For the six months ended June 30, 2018, revenues for oil, natural gas and NGL sales were $26.5 million. Revenues for the sale of crude oil were $22.8 million, which resulted in a realized price of $57.90 per barrel. Revenues for the sale of natural gas were $1.5 million, which resulted in a realized price of $3.55 per Mcf. Revenues for the sale of NGLs were $2.2 million, which resulted in a realized price of $31.88 per BOE of sold production. For the six months ended June 30, 2017, revenues for oil, natural gas and NGL sales were $20.4 million. Revenues for the sale of crude oil were $17.0 million, which resulted in a realized price of $44.29 per barrel. Revenues for the sale of natural gas were $1.5 million, which resulted in a realized price of $3.37 per Mcf. Revenues for the sale of NGLs were $1.9 million, which resulted in a realized price of $26.45 per BOE of sold production.

 

The Partnership benefited from increases in commodity prices for oil, natural gas and NGLs during the first half of 2018, as market prices during the first half of 2018 were higher than prices in the first half of 2017. The Partnership offset a portion of the natural decline in its production volumes in the second quarter of 2018 as five of the six new wells discussed above began producing. Production for the Sanish Field Assets was approximately 3,080 BOE and 3,030 BOE per day for the three and six months ended June 30, 2018. If the Partnership had completed Acquisitions 2 and 3 effective January 1, 2017, the Partnership estimates production for the Sanish Field Assets would have been approximately 3,230 BOE per day for the six months ended June 30, 2017. As noted above, sold production of the Partnership’s natural gas and NGLs declined in the second quarter of 2018 due to a customer’s gas plant being temporarily shut down for maintenance.

 

Production is dependent on the investment in existing wells and the development of new wells.
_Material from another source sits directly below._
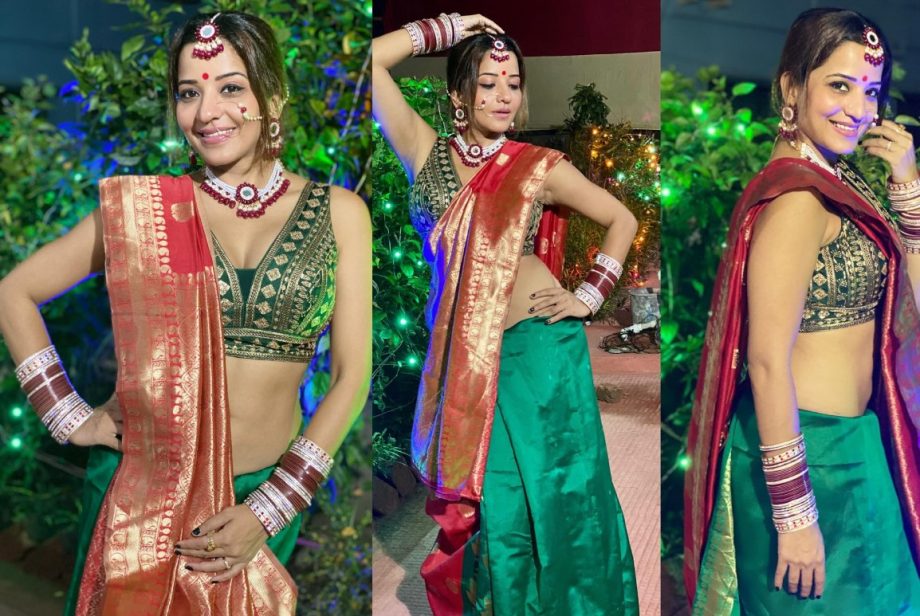 Ethereal Elegance: Monalisa Takes Center Stage In A Red And Green Saree; See Pics 886735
As noted above, the Partnership was able to partially offset natural production declines with the completion of the five wells discussed above. However, if the Partnership or its operators are unable or it is not cost beneficial to invest in existing wells or develop new wells, production will decline.

 

Operating Costs and Expenses

 

Production Expenses

 

Production expenses are daily costs incurred by the Partnership to bring oil and natural gas out of the ground and to market, along with the daily costs incurred to maintain producing properties. Such costs include field personnel compensation, salt water disposal, utilities, maintenance, repairs and servicing expenses related to the Partnership’s oil and natural gas properties, along with the gathering and processing contract in effect for the extraction, transportation and treatment of natural gas.

 

For the three months ended June 30, 2018 and 2017, production expenses were $2.7 million and $2.8 million, respectively, and production expenses per BOE of sold production were $10.17 and $10.20, respectively. For the six months ended June 30, 2018 and 2017, production expenses were $5.6 million in each period, respectively, and production expenses per BOE of sold production were $10.55 and $10.54, respectively. The Partnership anticipates production expenses may increase in the third quarter of 2018 due to (i) specific well workovers performed by the operator to return wells near recently completed wells to full production and (ii) the operator may complete certain well repair and maintenance in warmer spring and summer months in North Dakota.

 

Production Taxes

 

North Dakota’s oil tax structure is comprised of two main taxes: the production tax and the extraction tax. The production tax is 5%. The extraction tax rate is also 5% of the gross value at the well. This rate can increase to 6% if the high-price trigger, defined as the average price of a barrel of oil exceeding a trigger price of $90 for each month in any consecutive three-month period, is in effect. The 6% rate would remain in effect until the average price is less than $90 per barrel for each month in any consecutive three-month period.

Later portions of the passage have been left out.